* Your objective: Copy word for word the lines of the records below, beginning at the one with "Hundreds of kinky" and finishing at the one with "troyer sweater - rose melange", ends included, but none of the pictures.

Data supplied Block Start

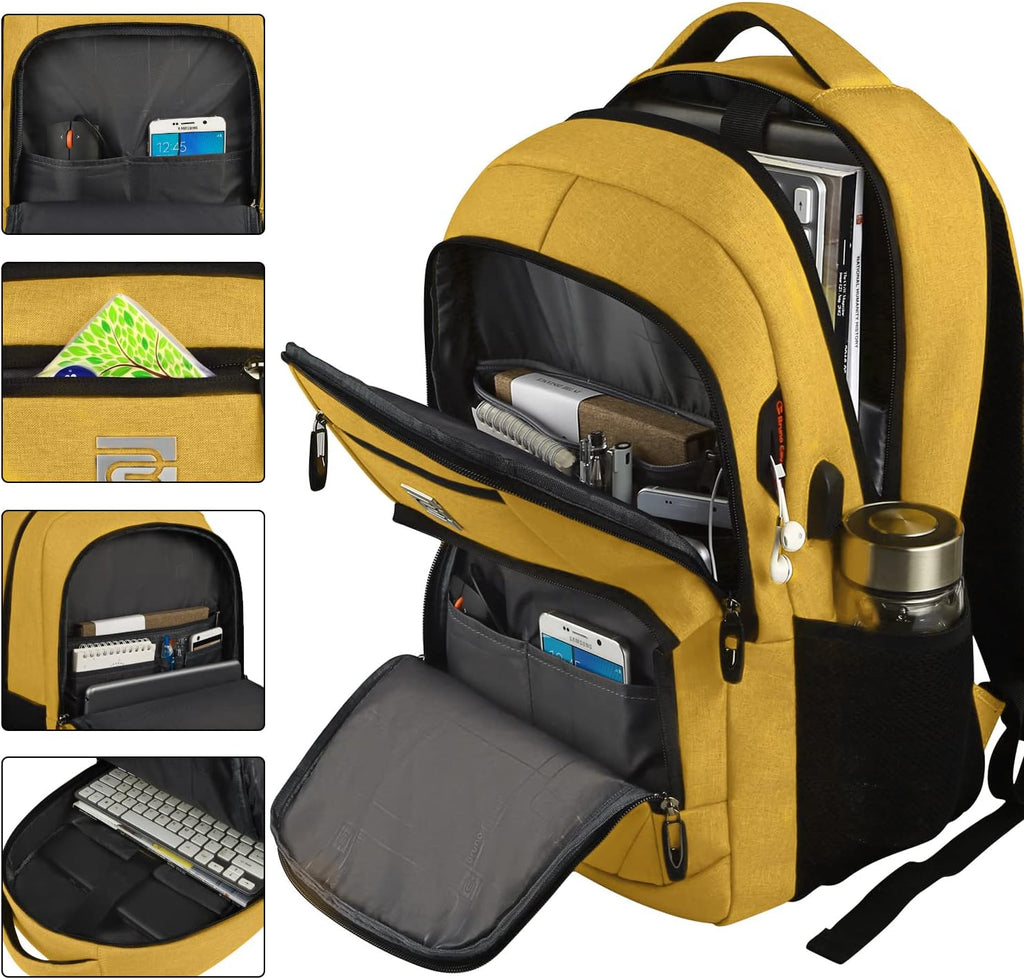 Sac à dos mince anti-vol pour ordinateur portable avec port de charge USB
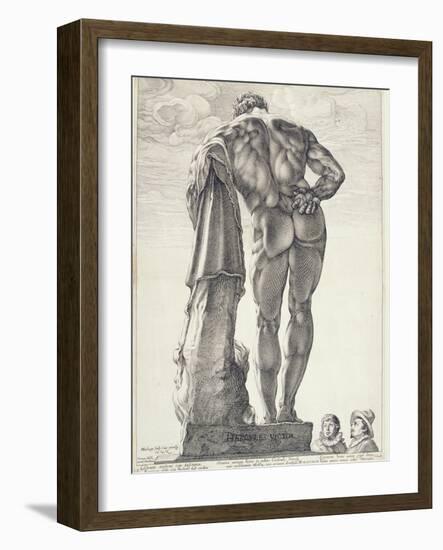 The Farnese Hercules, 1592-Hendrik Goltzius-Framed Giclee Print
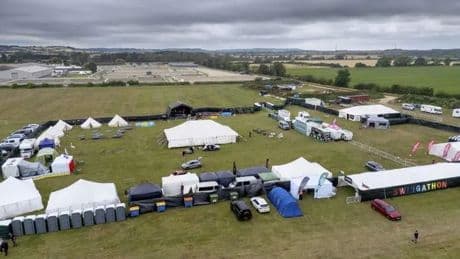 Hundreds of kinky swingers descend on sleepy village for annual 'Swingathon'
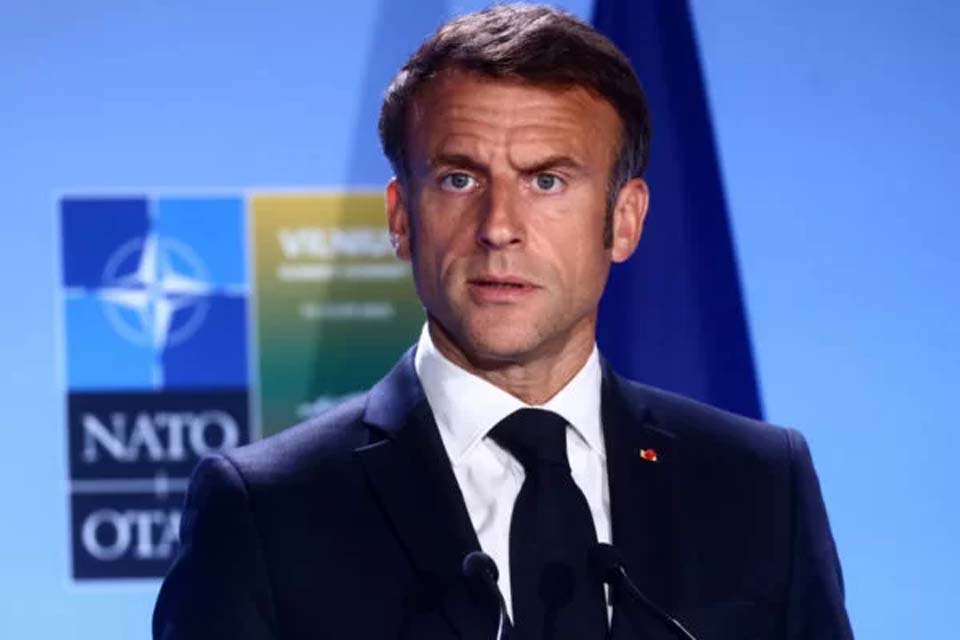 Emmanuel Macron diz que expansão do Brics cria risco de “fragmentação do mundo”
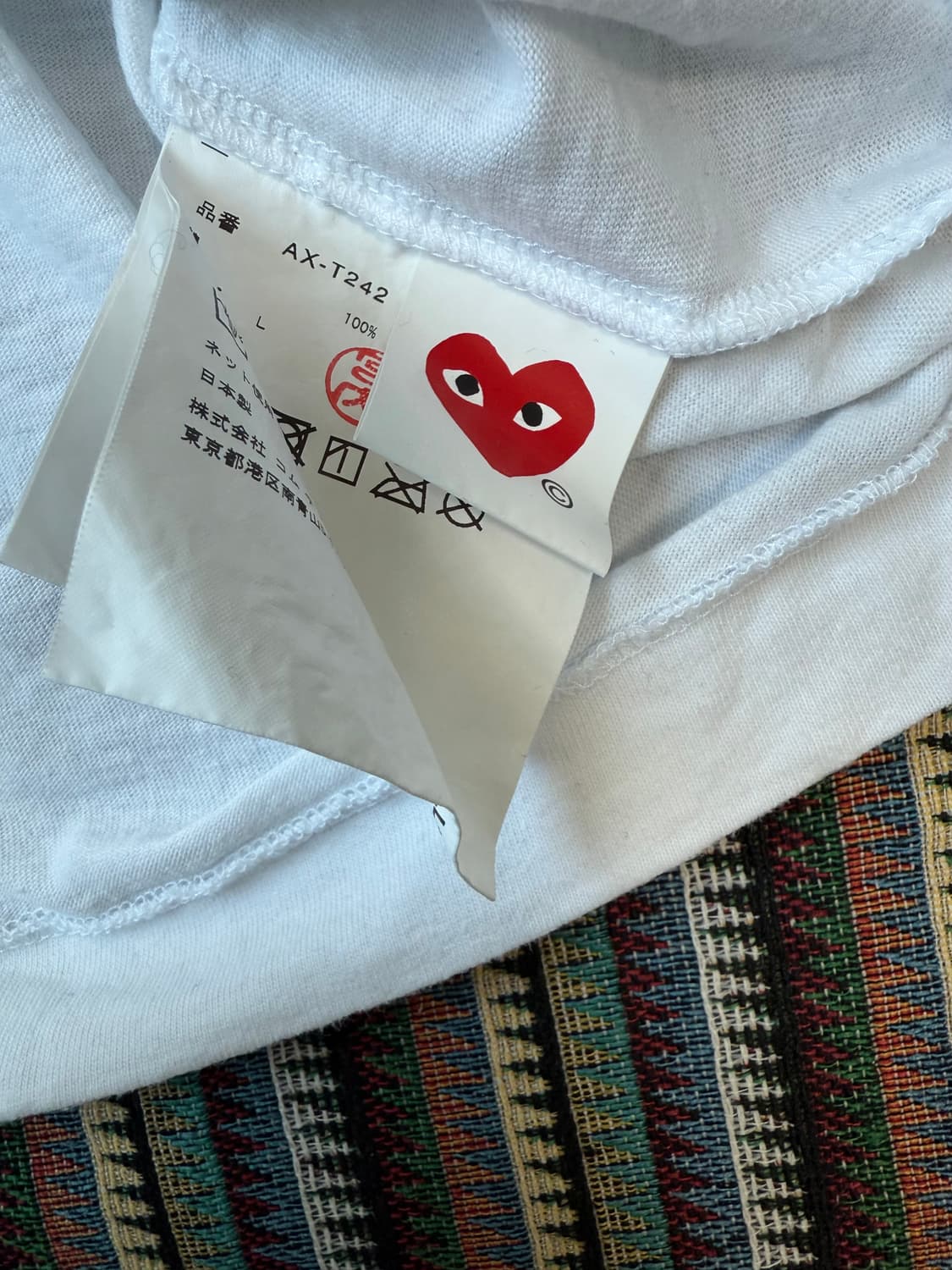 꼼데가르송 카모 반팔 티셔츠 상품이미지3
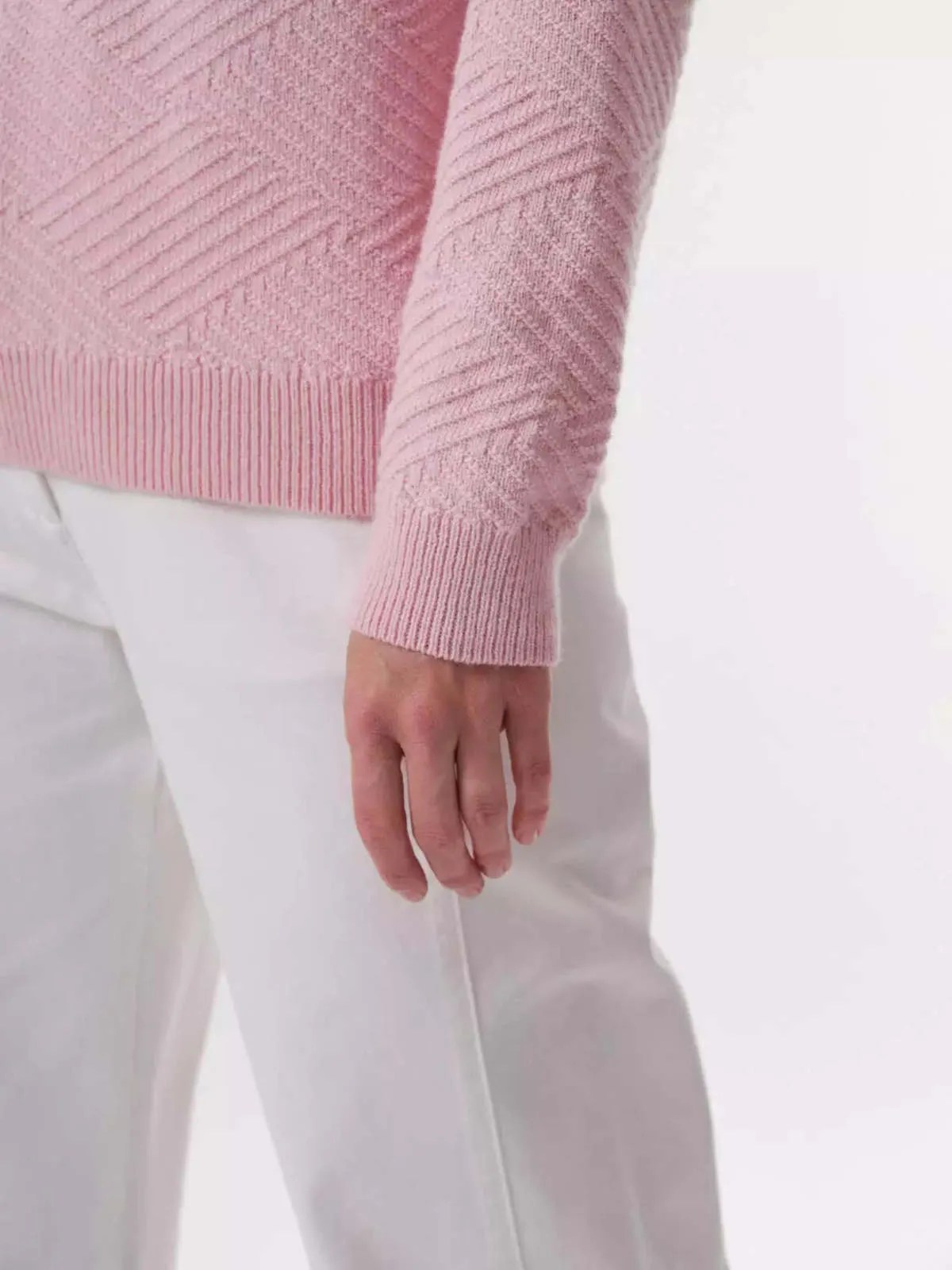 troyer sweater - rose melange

Data supplied Block End
Data supplied Block Start

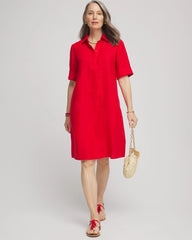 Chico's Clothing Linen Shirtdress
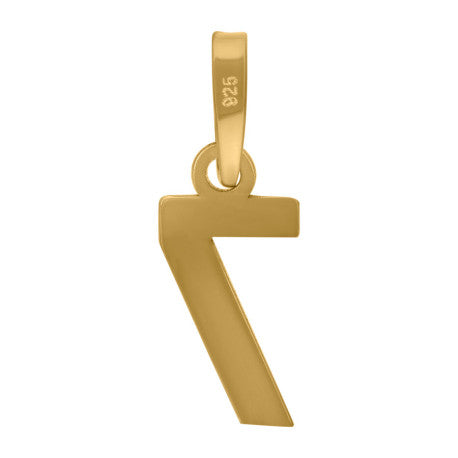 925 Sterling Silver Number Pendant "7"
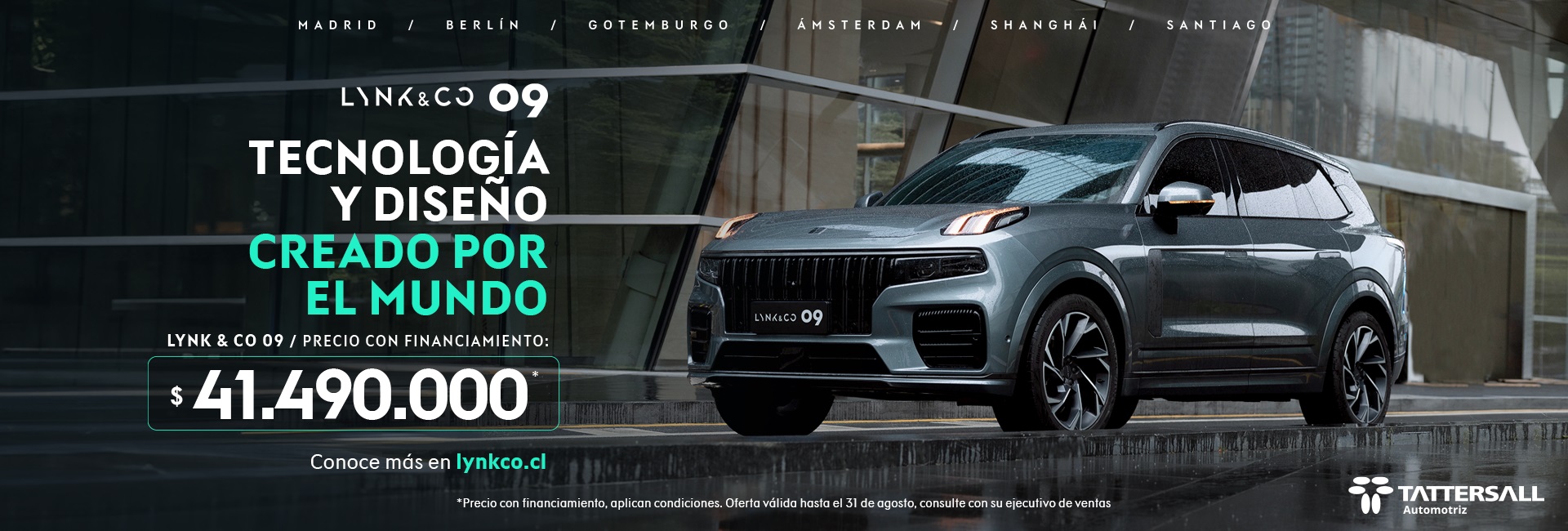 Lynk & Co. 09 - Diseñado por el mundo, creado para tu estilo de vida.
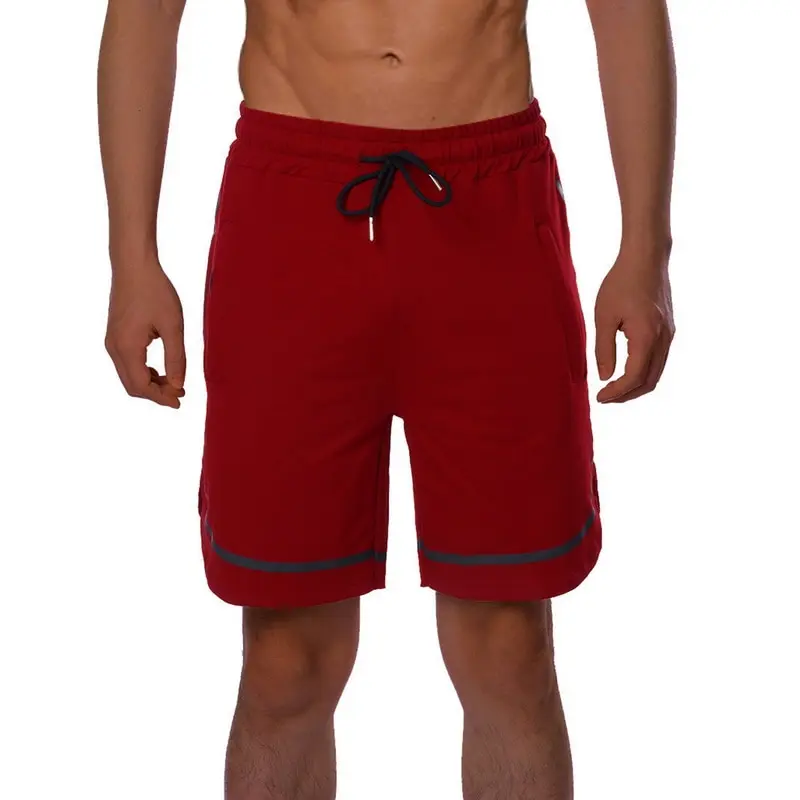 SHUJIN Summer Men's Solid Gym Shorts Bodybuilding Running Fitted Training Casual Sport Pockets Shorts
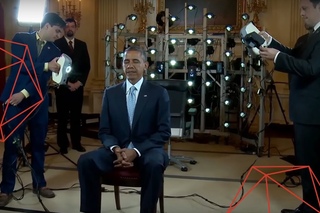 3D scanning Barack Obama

Data supplied Block End

* Response for this exercise:
 Hundreds of kinky swingers descend on sleepy village for annual 'Swingathon'
 Emmanuel Macron diz que expansão do Brics cria risco de “fragmentação do mundo”
 꼼데가르송 카모 반팔 티셔츠 상품이미지3
 troyer sweater - rose melange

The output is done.